These three lines sum up perfectly this poignant poem recounting the heart-wrenching departure of a loved one and the ensuing emotions.
Brilliantly penned, Allen. Thanks for sharing it.


Nothing to forgive Allen, it was my pleasure to read your fine verse once again.
Welcome back.



How glorious to see your fine work again! A very poignant piece, graceful, skilled writing and a depiction of a friendship which soured but still meant something to ones heart and mind very well handled. I particularly enjoyed the 2nd verse.

I tried to email you, and a few others from here but have lost nearly all of the emails due to different computer issues over the years. I sure hope this finds you well, despite the loss this piece indicates.



My heartfelt condolences on your loss Griffinor! Am amazed by the exquisitelly penned poem on such a poignant subject and the title chosen! It is an experience for the reader. The pain and agony of reliving the funeral of a loved one (reading between the lines could understand not all love is lost, there are beautiful memories too, she left behind), after a gap of two years while the wound is yet to heal and pen on it, needs a brave heart. The smooth flow in the description of events alongwith the emotional turmoil brings out the solemnity of the… Read more »
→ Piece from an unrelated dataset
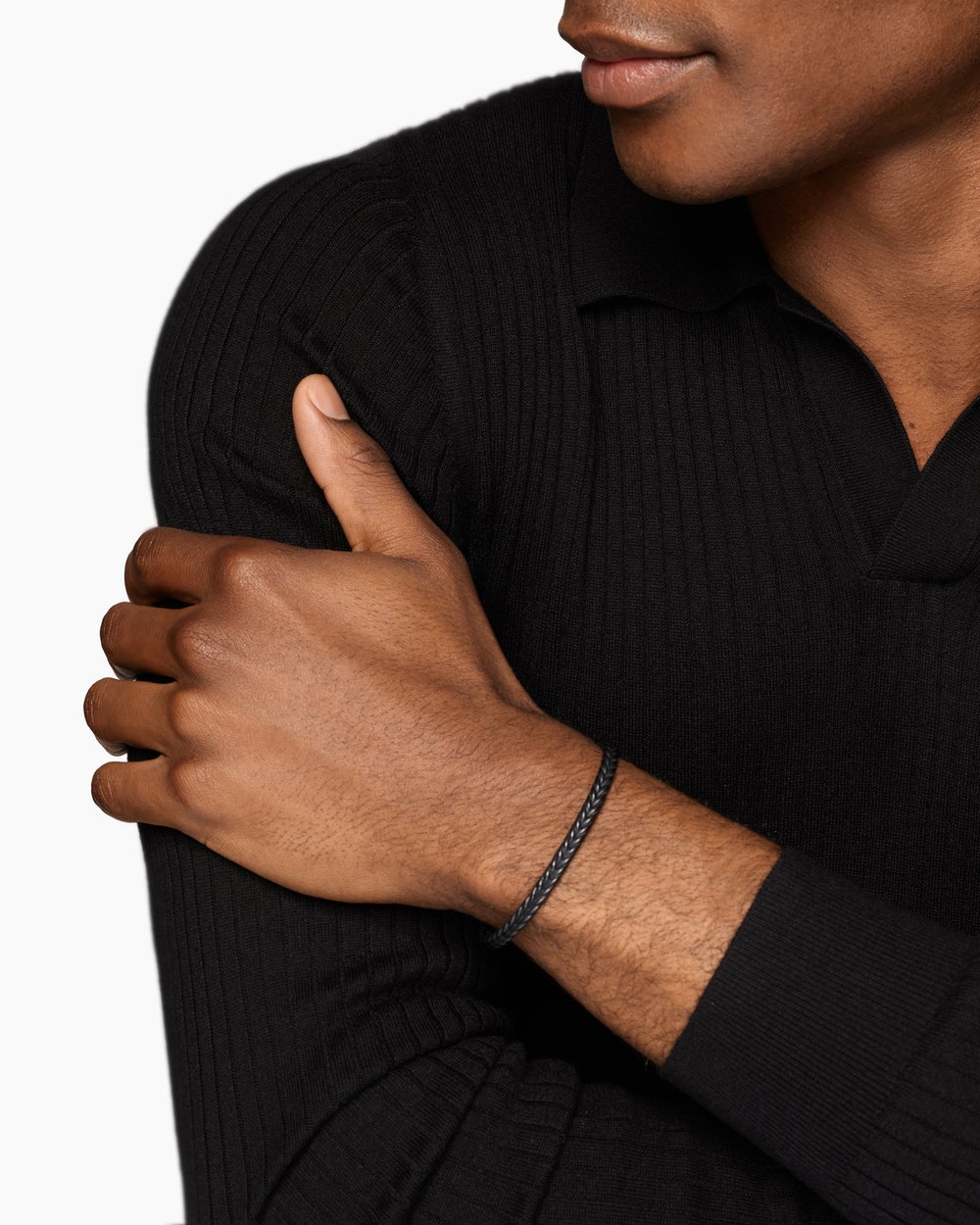 Mens Chevron Flex Bracelet in Black Titanium, 5.2mm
Hi Allen, Lovely to read you again!
There is a huge amount of pain and inner reflection in this poem. It takes a long time sometimes to understand people come into our lives to help us grow and teach us lessons. The deeper the suffering the more it digs a place in our souls to know deep compassion.

I know from personal experience the dreadful misery that family members can inflict on us. Harder to process than anything else.
The intense hurt was palpable but the last line had great power and healing in it.